Welcome Tin Man,
I am the same, except I don't run, so miss out on those endorphins that you are obviously benefitting from. Exercise is great for mental health.
Have you spoken to your GP about how you are feeling, well...not feeling? You probably think that there is no need to do this, but if you're worried about this now, then prompt action might save you getting deeper into 'the pit'. There is a self test here..search K10.. that gives an indication of where you are at.
Writing here does help in various ways. Obviously, it is a way to get things off your chest. A diary with many benefits! Replies received make you realise you are not the only one. Advice comes from the experience of others and often helps to see things in a different light. Sometimes it can be just one thing that strikes a chord within, sometimes it's an orchestra!
Most importantly for me, reading the stories here makes me 'feel'. Most usually empathy, but a full range of emotions including laughter & happiness. I can feel so strongly for some people that it hurts. I want to reach through the screen and hug or scream or cry with them. I just want to help them so much. I 'feel' for them.
When replying, I recall my experience, and the feelings I had at that time. I am getting back in tune with my 'old' feelings. It is always easier to see things in hindsight.

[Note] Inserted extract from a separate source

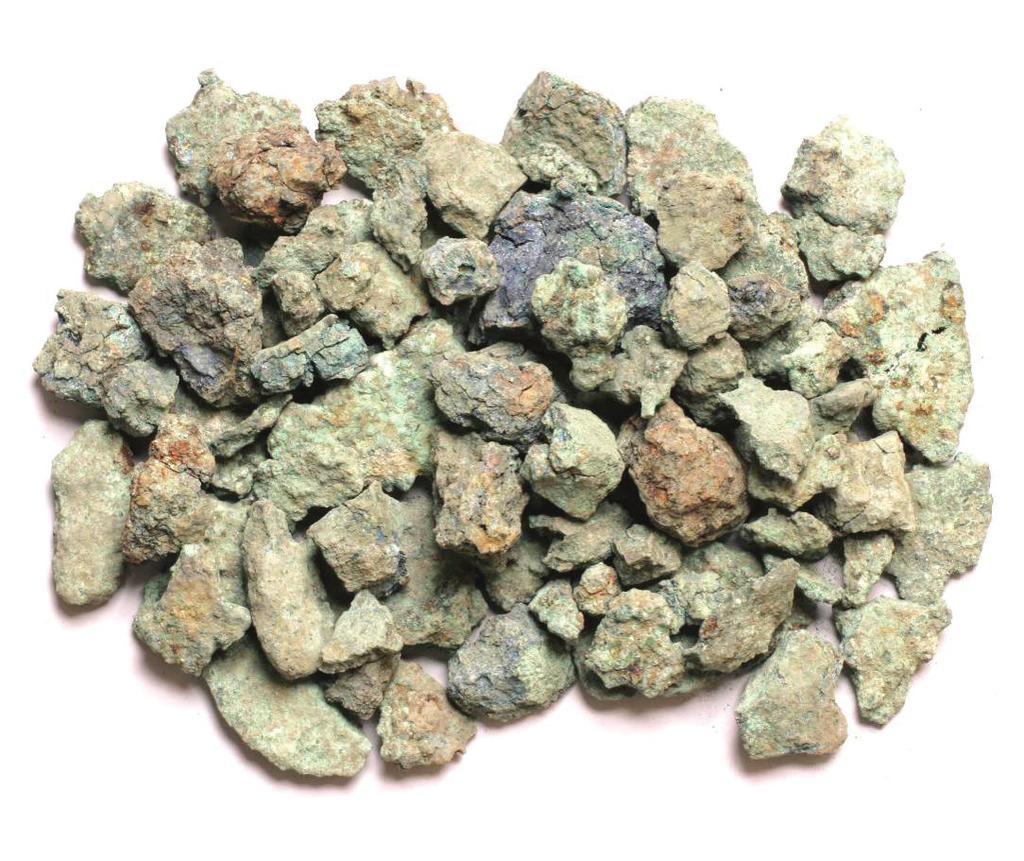 In Krakow, in the Great Scales, half-products were found and their metal science analysis indicates that they come from different stages of metallurgical production (Fig 4).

I have felt numb for so long, that I have forgotten what it is like to feel. Or how to. I have suppresed feelings as a defence strategy, and now it is just the way I am. It has become 2nd nature, a habit. It is safe. It is easier. It is a way to 'cope' with everything. I have unknowingly perfected it.
Not only painful, angry or sad thoughts, but happiness, joy and contentment have also been stifled. It is obvious really. If we could tune out only the negative feelings, we'd end up being a giggling, hysterical laughing mess....( I'm getting a vision of the painting 'The scream' with the sound of giggling accompanying ..it is even scarier?!?).
So in responding to you, I just realised a lot about how & why I feel numb. It IS important.
'Just forget it and move on.' Not healthy. It is suppressing feelings that are better dealt with before they snowball. The inability to feel joy is a hallmark of depression. I'm not saying this is you, but it is easy to see how in time, ignoring the hard stuff can lead to an overall numbness.
It is interesting that we never try to forget the good times.